Template Download and IPv6

The template download may prefer IPv6 if the Proxmox host resolves both A and AAAA records for download.proxmox.com. During the June 17, 2026 restore, IPv6 connections repeatedly timed out. The immediate workaround was to stop the download and force IPv4 for the template:

ssh pve 'wget -4 -c -O /var/lib/vz/template/cache/debian-13-standard_13.1-2_amd64.tar.zst http://download.proxmox.com/images/system/debian-13-standard_13.1-2_amd64.tar.zst'

After the file downloads and verifies, rerun the create script. It will see the template in local storage and continue.

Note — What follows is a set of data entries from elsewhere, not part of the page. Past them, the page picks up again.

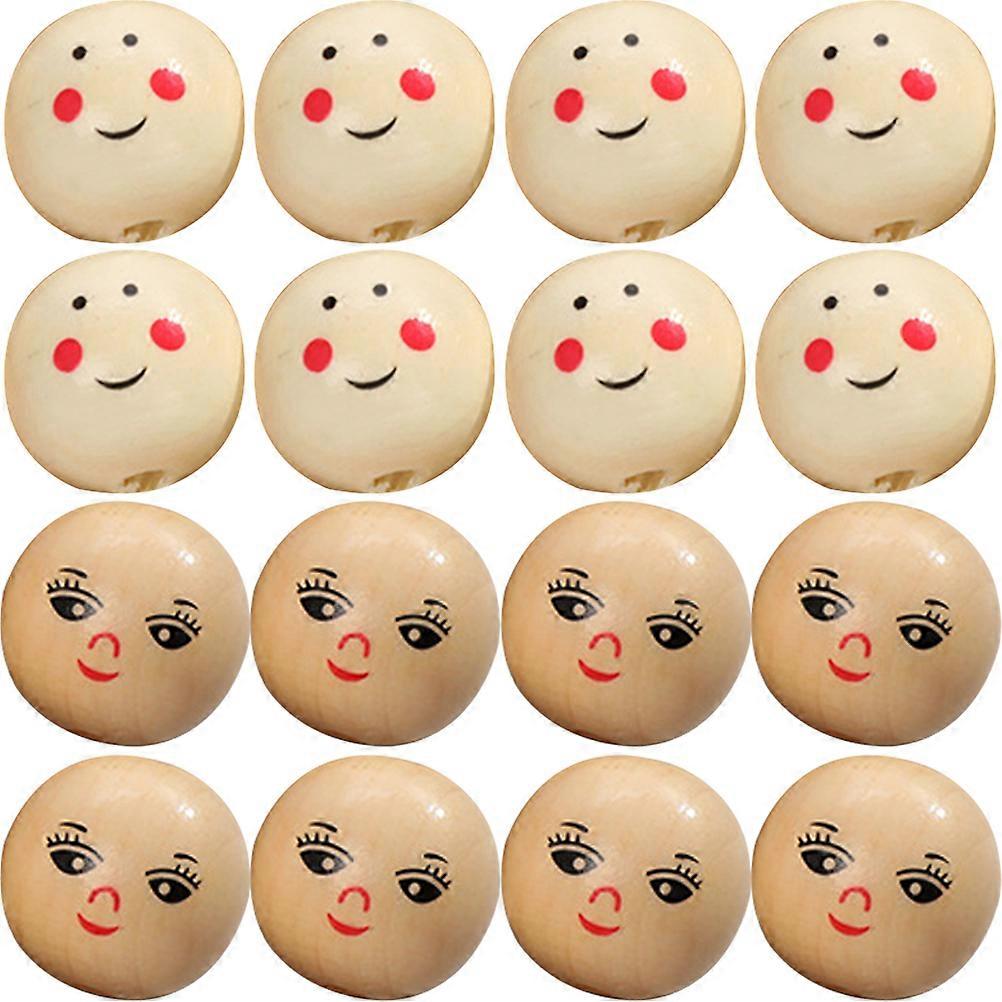 40pcs Assorted Color Wooden Beads for DIY Jewelry Making and Decoration Lightweight and Durable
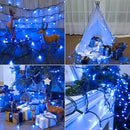 Brizled Blue Christmas Lights, 33ft 100 LED 5MM Wide Angle Christmas Tree Lights, 120V UL Certified Mini String Light Connectable Outdoor Waterproof Blue Light for Xmas Room Party Decor, Green Wire by TinyTreasures Baby Boutique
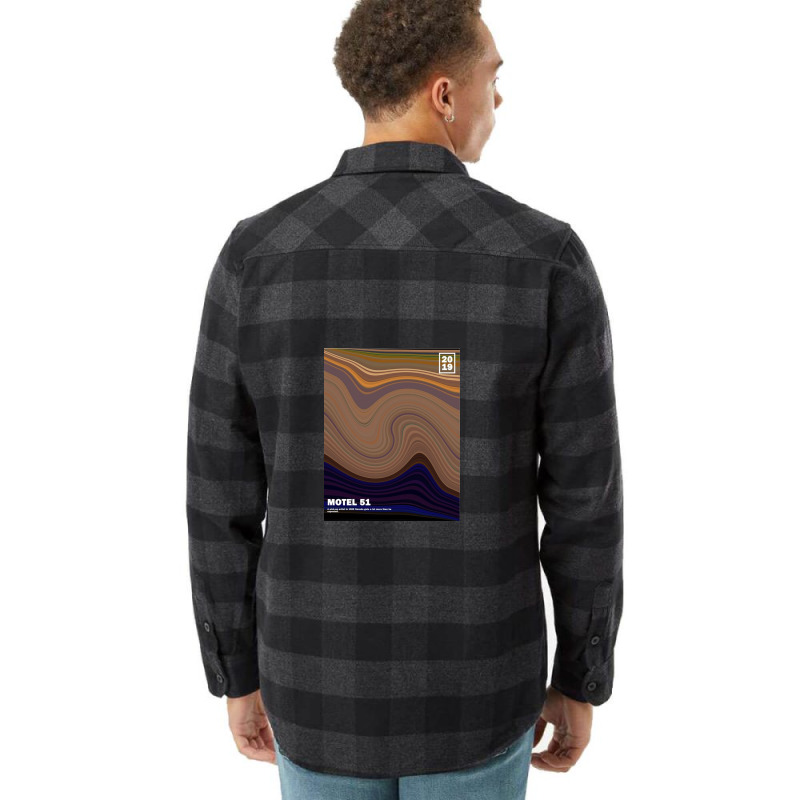 Minimal Motel 51 Abstract Liquid Art Flannel Shirt by johnbre | Artistshot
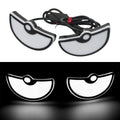 2PCS Car Motorcycle LED Devil Eyes Light | 12V Demon Eyes Decoration Lamp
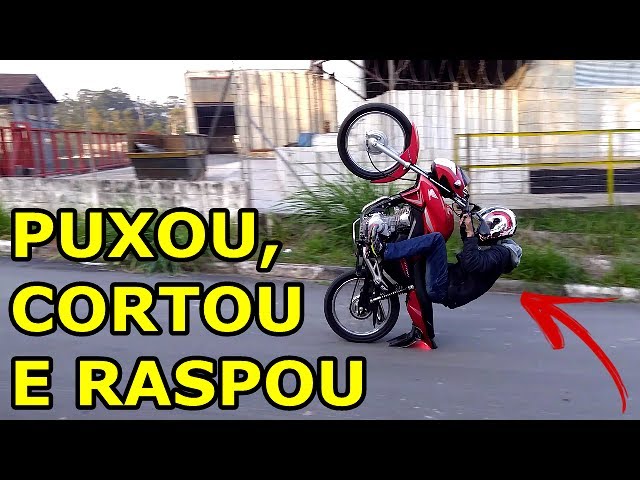 CADÊ OS MENOR DO GRAU DE BIKE?? - Puxou , Cortou e Raspou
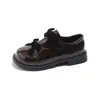 Sapatos de Couro Femininos Estilo Coreano com Acabamento Espelhado, Laços Duplos, Sapatos de Princesa, Novo Modelo Primavera 2026, Sapatos Individuais, Mocassins Femininos, Versátil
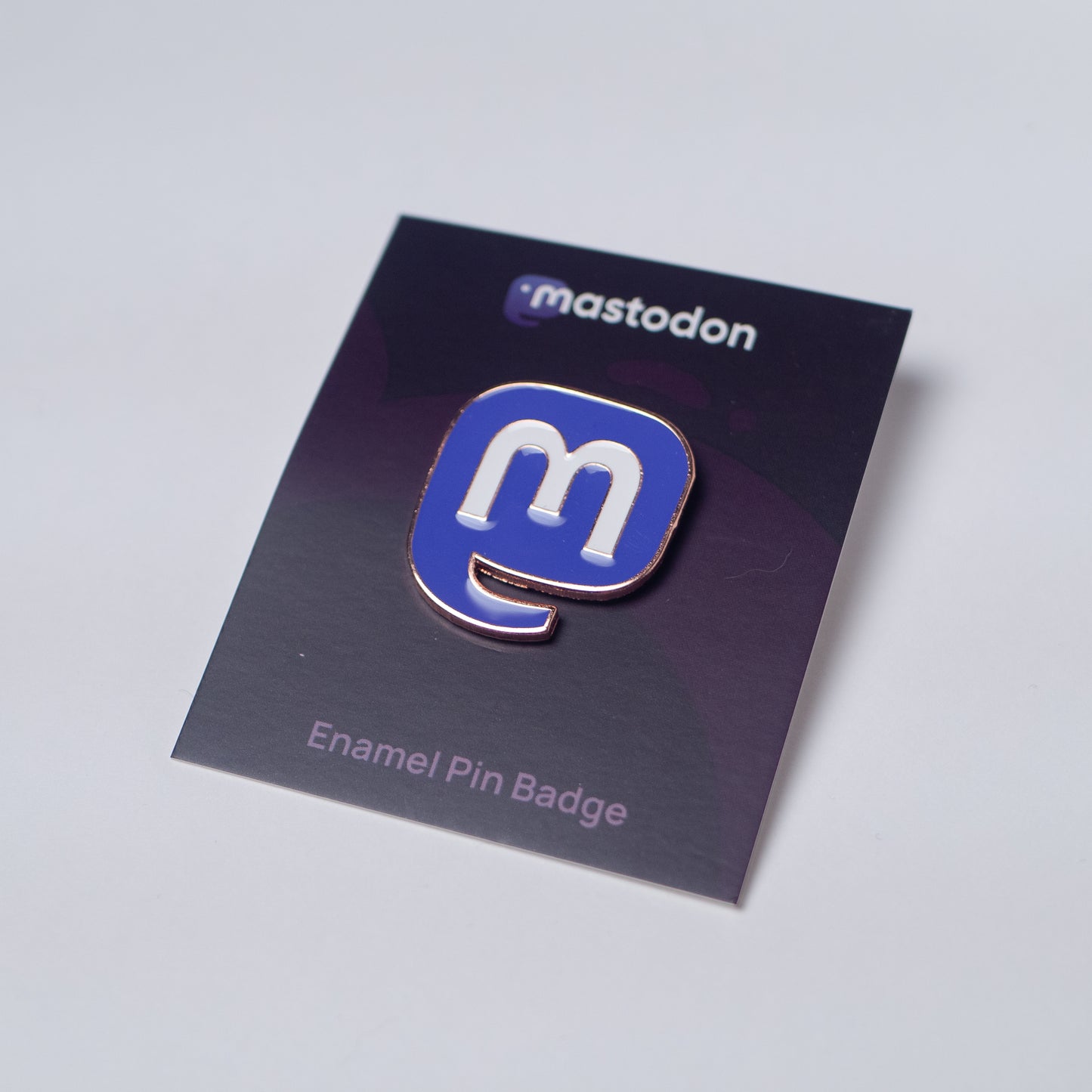 Mastodon Logo Enamel Pin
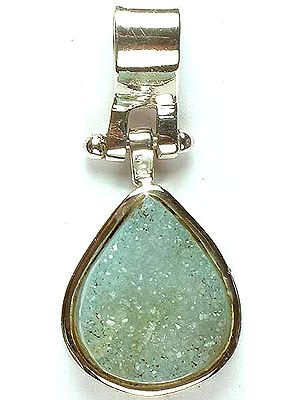 Chipped Chalcedony Pendant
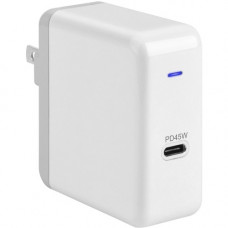 4XEM USB-C 45W Wall Charger - 120 V AC, 230 V AC Input - 5 V DC/3 A, 9 V DC, 12 V DC Output 4XUSBCPOWER45W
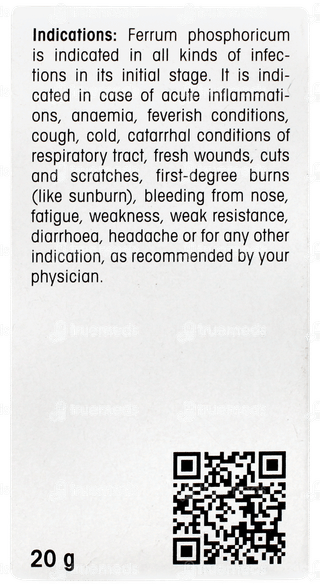 Dr Reckeweg Ferrum Phosphoricum 6x Biochemic Tablet 20gm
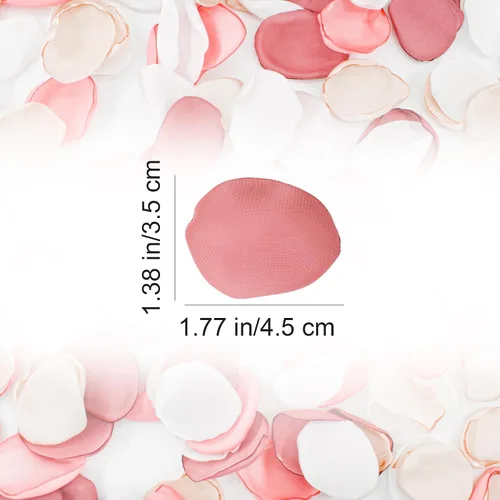 Miniatura 2 de 200 pétalos de rosa de seda para bodas, decoración de bodas, decoración de bodas, pétalos artificiales para propuestas, decoraciones románticas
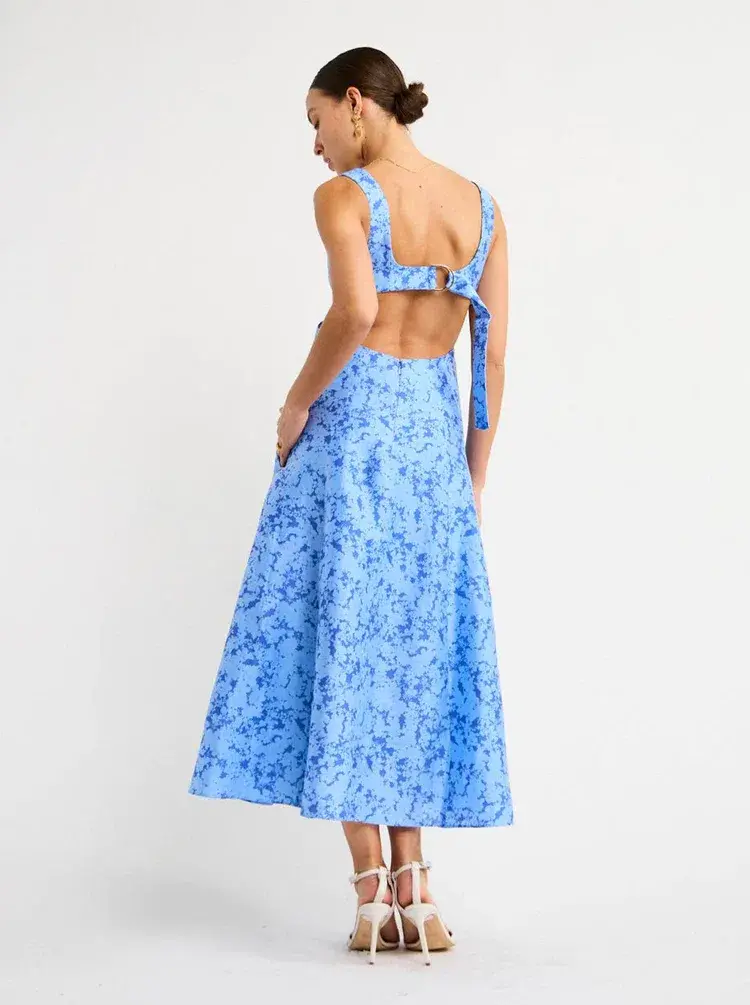 Acler  Pennant Dress in Blue Iris Floral Print Size 10 - Image 3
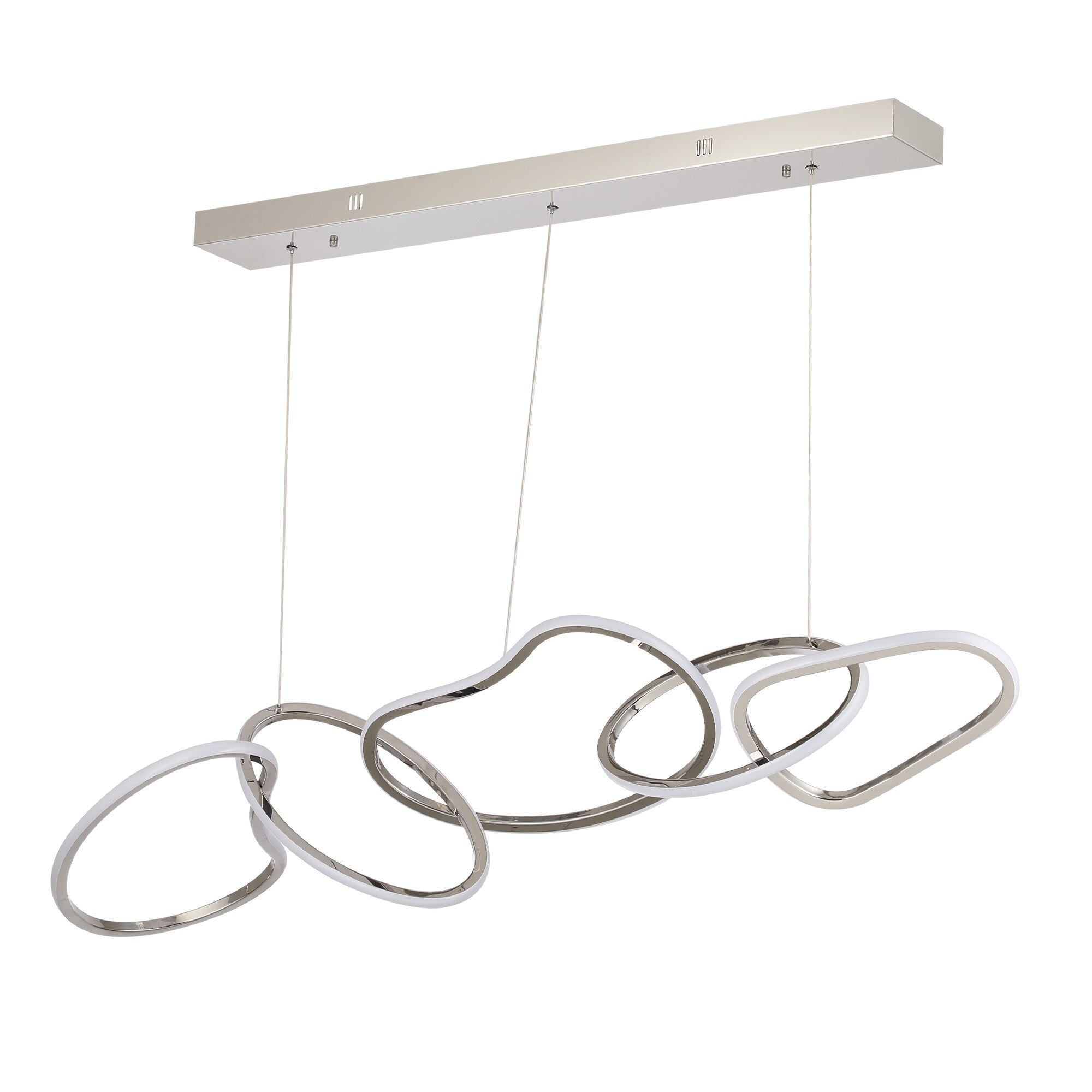 Plafonnier LED de luxe en acier inoxydable, style nordique, pour salle à manger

To make Proxmox prefer IPv4 generally without fully disabling IPv6, review and then uncomment this line in /etc/gai.conf:

precedence ::ffff:0:0/96  100

For wget only, inet4_only = on in /etc/wgetrc forces IPv4. Prefer the narrowest change that solves the download problem.

Current Backup Scripts

Script	Run from	Purpose
`scripts/backup/00-prepare-backup-root.sh`	Proxmox host as root	Create the timestamped backup root on the CIFS backup mount
`scripts/backup/01-capture-proxmox.sh`	Proxmox host as root	Capture host, storage, VM, and LXC definitions
`scripts/backup/02-capture-dns.sh`	Proxmox host as root	Capture DNS reference from CT `107` and optional Teleporter file
`scripts/backup/03-capture-docker-definitions.sh`	Proxmox host as root	Capture Docker compose/env/runtime reference from CT `100`
`scripts/backup/04-export-databases.sh`	Proxmox host as root	Export PostgreSQL, MariaDB, and MongoDB logical backups
`scripts/backup/05-archive-applications.sh`	Proxmox host as root	Archive retained application directories with volatile exclusions
`scripts/backup/06-archive-websites.sh`	Proxmox host as root	Archive website working trees when repository state is not enough
`scripts/backup/07-verify-backup.sh`	Proxmox host as root	Verify archives, dumps, and checksums
`scripts/backup/08-encrypt-and-copy-backup.sh`	Proxmox host as root	Create encrypted archive when `age` is configured and copy to a second destination

Answer Files

Restore:

cp scripts/restore/restore-answer.env.example scripts/restore/restore-answer.env
chmod 600 scripts/restore/restore-answer.env

Backup, on Proxmox:

cp scripts/backup/backup-answer.env.example /root/backup-answer.env
chmod 600 /root/backup-answer.env

The answer files are shell syntax. Do not commit filled copies.

Dry Runs

Most wrapper scripts support:

--dry-run

Dry-run mode checks arguments and prints actions that would write data. It does not prove that every remote command will succeed, so use it before a real run, not instead of validation.

Host Identity Rules

Proxmox commands require pct, qm, and pvesm.
Accepted Proxmox short hostnames default to pve pve02 because the live SSH alias returned pve on June 16, 2026 while older docs said pve02.
Docker restore commands inside the LXC require docker and docker compose.
NAS validation requires the configured backup directory to exist.
Direct ssh docker is never required.

Marker Files

Marker	Meaning
Workstation `.copy-complete`	NAS backup was fully extracted into the local staged directory
LXC `.copy-complete`	Local staged backup was fully streamed into the Docker LXC
`/opt/docker/volumes/postgresql/.logical-restore-complete`	PostgreSQL logical dumps were restored
`/opt/docker/volumes/gitea/.archive-restore-complete`	Forgejo archive data was applied or safely skipped because target data existed
`/opt/docker/volumes/vaultwarden/.archive-restore-complete`	Vaultwarden archive data was applied or safely skipped because target data existed

Markers make reruns converge. Remove or bypass them only after preserving the failed state and deciding that a forced restore is correct.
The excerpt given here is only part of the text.